NEAR WOOD RIVER, Neb. – I should have brought ear plugs.

Wearing ear plugs just makes sense when you're going to sleep on the Platte River in Nebraska in the middle of more than half a million sandhill cranes, famous for their distinctive and near constant squawking. Truth is, I intended to have plugs with me. I simply forgot to pack them before I left Minneapolis for the eight-hour drive to the southwest.

While this early April trip was my fifth time seeing the cranes as they migrate through the central part of this state, it was my first spending all night among the birds.

Typically, visitors observe cranes from a handful of blinds along the river operated by two nonprofits, the Rowe Sanctuary in Gibbon and the Crane Trust in the city of Wood River. A person chooses a morning blind and gets to watch the sandhills leave the Platte to feed in fields, or picks an evening blind to witness them returning to roost in shallow parts of the river overnight, where they are safe from predators.

Either is a sublime experience, but in recent years I have found the blinds too crowded. At times more than 30 viewers are elbow to elbow in a blind, vying for window space. Other viewing options, such as public platforms near a handful of bridges, are to me a bit too far from where the cranes normally roost.

While the nonprofits do have blinds, they were all booked by the time I was ready to make my plans. So for this trip I found one — essentially a plywood shack about 7-by-7 — built and rented by local farmer Chad Gideon on a 300-acre property his family owns along the river. For $300 I had the place to myself, with an opportunity to see the birds coming in at night and going out in the morning.

There are always plenty of birds to see at this time of year. During the week of my visit, a record 659,000 cranes were estimated along the river, fattening up on waste corn as they stop off during their travel from the southern United States and Mexico to their summer homes in Canada, Alaska and Siberia. They begin appearing in mid-February and are gone by mid-April.

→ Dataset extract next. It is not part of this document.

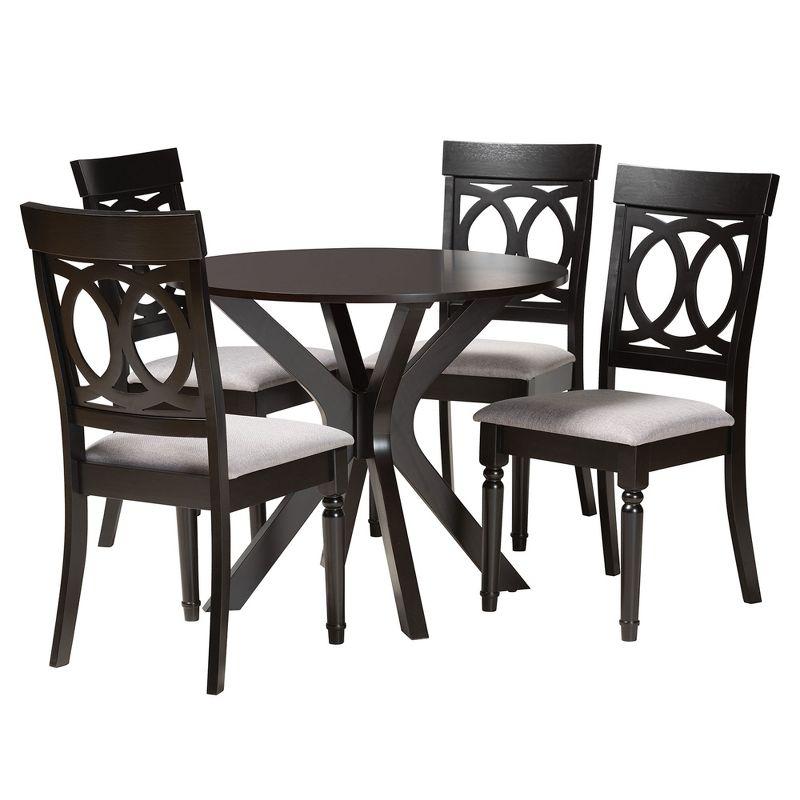 Jessie Modern Gray Fabric and Dark Wood Dining Set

What I didn't know until shortly before my travels was that the blind I rented was located on an island. To reach it I had to wrestle on a pair of chest waders and traverse the flood-swollen river. I thought that might mean splashing through a few yards of river, but it was something more. To stay out of deeper water, I had to take a circuitous route to the island, crossing a half-dozen channels in the river and the sandbars that separated them.

Gideon provided me with what he called "a boat" — it was an ice fishing sled — that I loaded late on the afternoon of April 1 with my camping gear and photo equipment. I then floated it across the water and dragged it behind me on the sandbars.

With the current running strong because of the high water, and each step a slog because of the soft river sand sucking in my boots, I had to tread carefully. I kept a firm grip on the pulk. It took me nearly half an hour to reach the island, which was about the size of a football field.

After setting up my tripod in front of one of the openings in the blind, I settled in to wait for the show. Like all birds, cranes are woefully ignorant to a photographer's desire for them to perform in optimal lighting conditions, so they began congregating on the river only after the sun dropped below the horizon. As always, a couple of cranes serving as scouts checked the spot to determine if the landing zone was appropriate and if there were any predators. Once the all-clear signal went out, dozens of other cranes joined them. Then hundreds, then thousands, turning the sky black. I shot photos until the light was gone and the cranes seemed to be settled (but still bugling).

Sandhill cranes are hunted in most states, so they can be a bit skittish. I was careful to make sure the blind was closed tightly before I clicked on a flashlight and rolled out my sleeping bag. The blind barely muffled the birds, but a storm with rain and high winds blew through and they quieted down a bit, at least enough that I could eventually get to sleep amid the cacophony.

I crawled out of my bag an hour before dawn and made a cup of coffee on my camping stove to warm up — the temperature had been around 60 degrees when I arrived on the island but dropped below freezing as I slept. I then carefully opened a shutter facing the east. The sunrise was obscured by clouds, which meant no sweet orange sky, but I could view the cranes as more than just silhouettes (photographers can find the good and the bad in any conditions).

In front of me were roosting cranes. Everywhere, within eyeshot, was filled with birds. Gideon later told me there were as many as 100,000 birds on the water that morning. The scene was breathtaking. Before long, the multitude began to stir. Birds flapped their wings, danced, pranced, called, and in small groups and large begin taking off for the fields. Slowly, the river began to empty. It took nearly two hours for them all to disperse, and at last it was quiet. It was a little past 9 a.m. I'd taken 600 photos.

All that remained was for me to pack up my gear, don my waders, work my way back to the mainland and wait for Gideon to pick me up. Halfway over, though, I realized I really had no clue how I had come over the evening before. I stood on a sandbar and looked down the river to a small opening in the trees on the other side of the water, having a hard time believing that's where I had come from. I had just persuaded myself to go straight across — "the shortest distance between two points" you know — when Gideon materialized on the riverbank and waved me off. "It's too deep there," he said. "Go further down." If I had plunged ahead, I realized, I would have taken a plunge.

I said a silent prayer of thanks for the timing of his appearance. My perfect outing would not be ruined.

Perfect … well, except for the ear plugs.